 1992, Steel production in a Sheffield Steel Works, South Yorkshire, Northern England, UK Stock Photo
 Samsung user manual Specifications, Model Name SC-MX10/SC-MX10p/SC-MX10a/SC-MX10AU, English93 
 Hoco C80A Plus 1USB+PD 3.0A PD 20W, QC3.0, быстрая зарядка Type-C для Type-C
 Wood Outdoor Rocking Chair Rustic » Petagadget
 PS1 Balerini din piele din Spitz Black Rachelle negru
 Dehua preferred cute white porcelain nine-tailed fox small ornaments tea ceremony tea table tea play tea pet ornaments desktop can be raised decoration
——————————
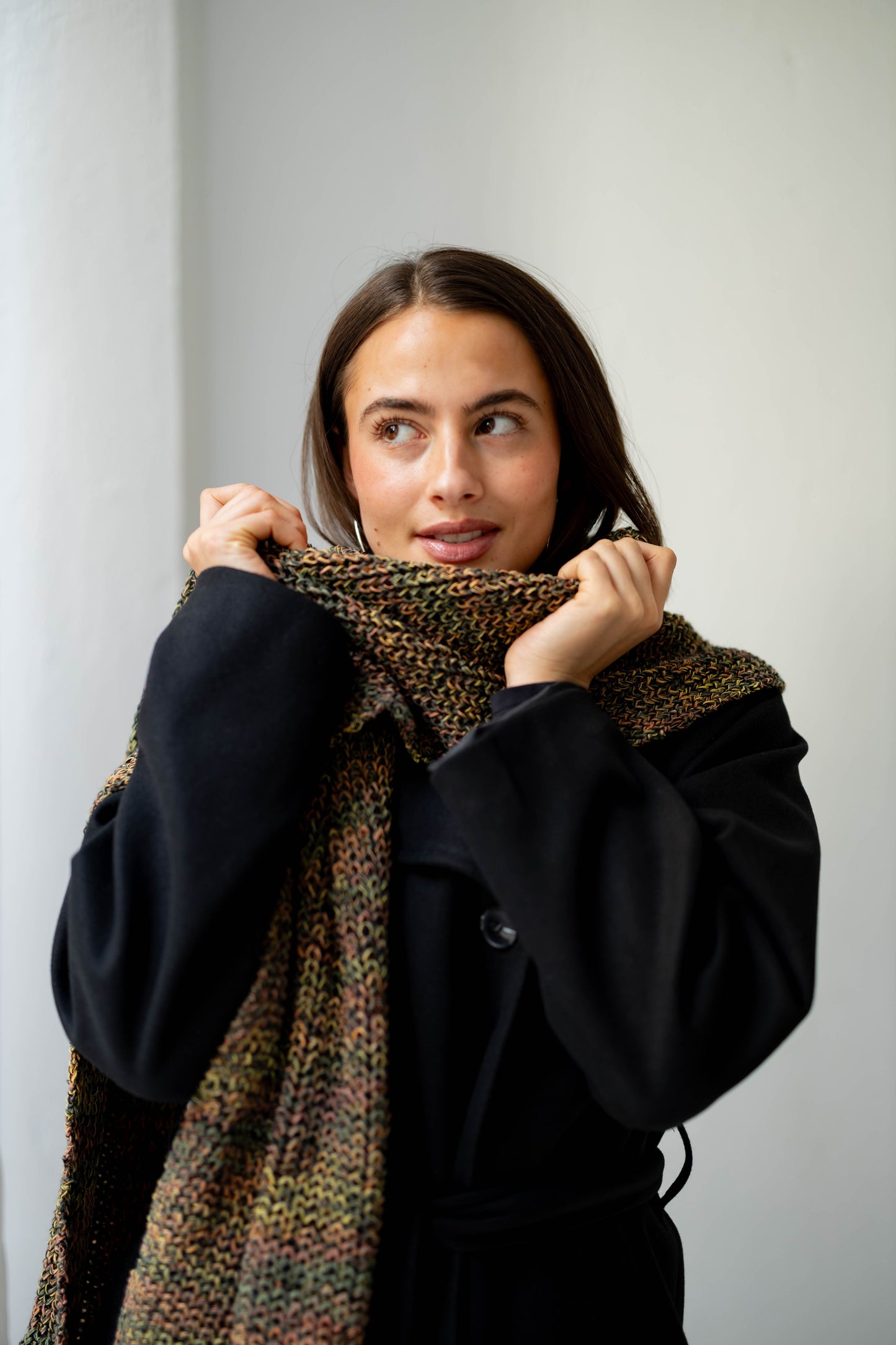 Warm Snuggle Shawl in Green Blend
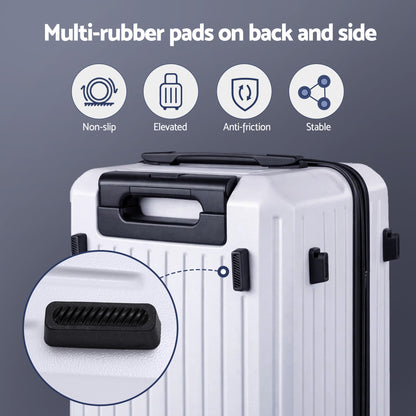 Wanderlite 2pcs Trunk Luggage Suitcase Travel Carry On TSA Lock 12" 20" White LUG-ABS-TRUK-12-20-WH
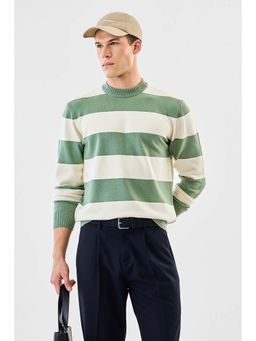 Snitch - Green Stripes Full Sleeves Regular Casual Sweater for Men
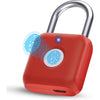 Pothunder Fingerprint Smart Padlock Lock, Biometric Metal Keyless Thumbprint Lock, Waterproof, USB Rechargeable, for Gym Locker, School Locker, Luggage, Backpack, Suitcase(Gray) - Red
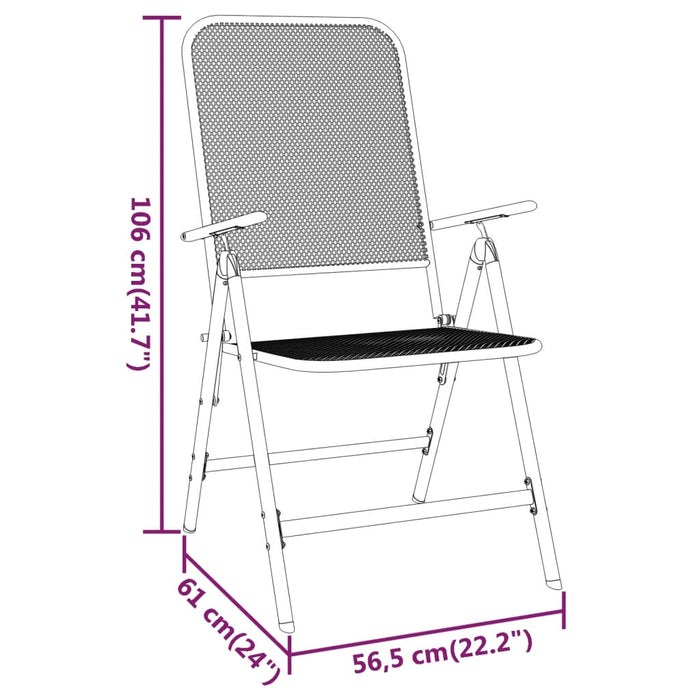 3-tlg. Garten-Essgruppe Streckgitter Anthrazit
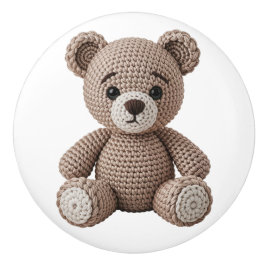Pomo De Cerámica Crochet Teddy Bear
——————————
> **What you should do**: Copy the lines of the data above exactly as written, beginning with the line containing "1992, Steel production" and ending with the line containing "Wood Outdoor Rocking", and leave out all other lines.

> **Result for this task**:
 1992, Steel production in a Sheffield Steel Works, South Yorkshire, Northern England, UK Stock Photo
 Samsung user manual Specifications, Model Name SC-MX10/SC-MX10p/SC-MX10a/SC-MX10AU, English93 
 Hoco C80A Plus 1USB+PD 3.0A PD 20W, QC3.0, быстрая зарядка Type-C для Type-C
 Wood Outdoor Rocking Chair Rustic » Petagadget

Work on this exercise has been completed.